§ **What is required**: From the records below, print only the part that opens with the line containing "Used Toyota YARiS" and closes with the line containing "Bantuan dari Kemenag, Baznas, dan"; omit the pictures.

§ **Data records**:
^^^^^^^^^^^^^^^^

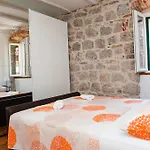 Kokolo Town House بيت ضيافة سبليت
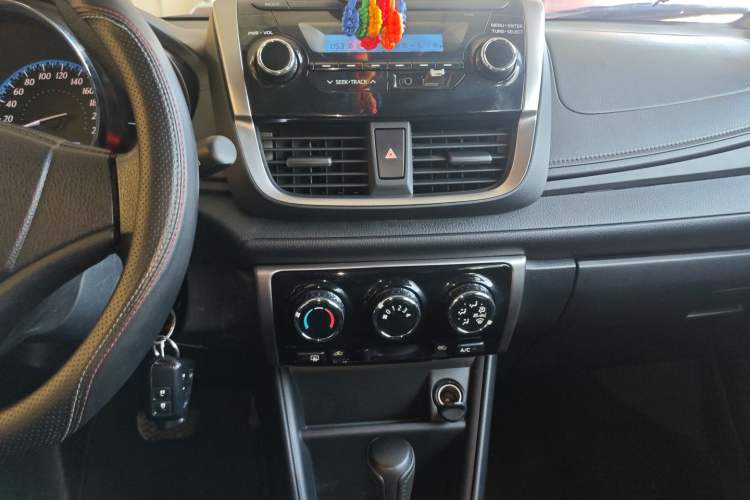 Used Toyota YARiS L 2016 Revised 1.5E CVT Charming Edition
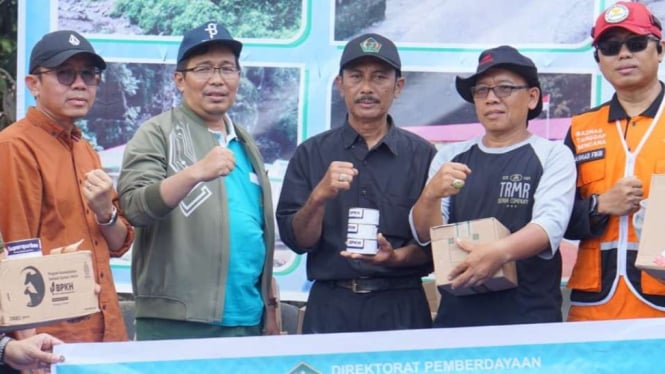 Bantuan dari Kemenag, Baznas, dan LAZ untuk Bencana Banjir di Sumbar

^^^^^^^^^^^^^^^^

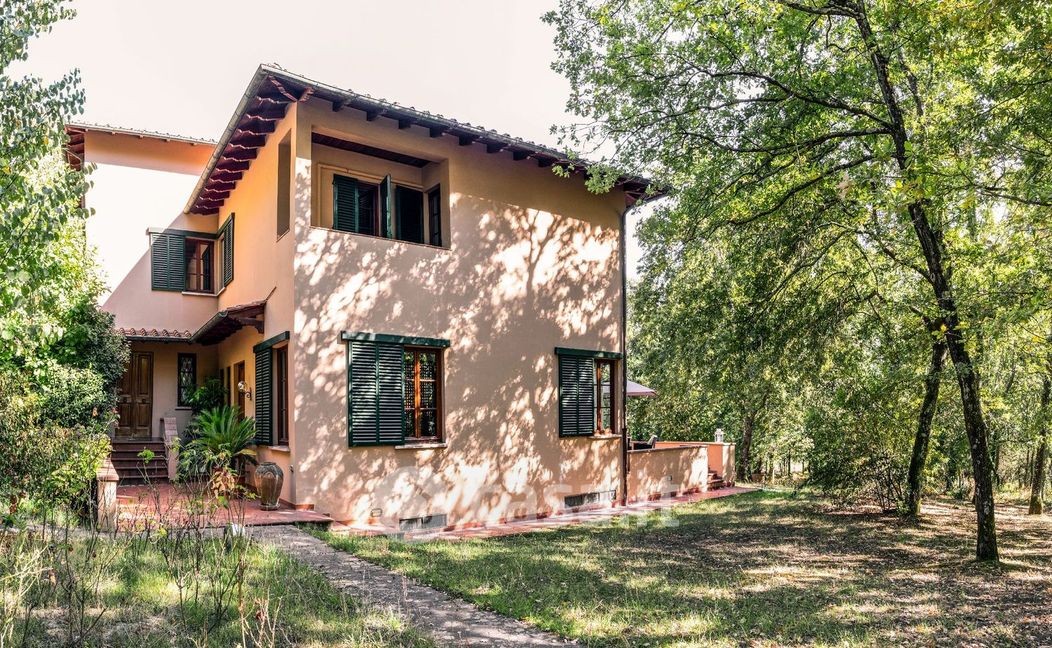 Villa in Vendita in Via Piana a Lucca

^^^^^^^^^^^^^^^^

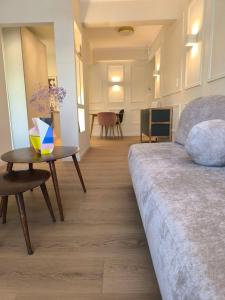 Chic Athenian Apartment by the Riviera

^^^^^^^^^^^^^^^^

§ **Output for this task**:
 Used Toyota YARiS L 2016 Revised 1.5E CVT Charming Edition
 Bantuan dari Kemenag, Baznas, dan LAZ untuk Bencana Banjir di Sumbar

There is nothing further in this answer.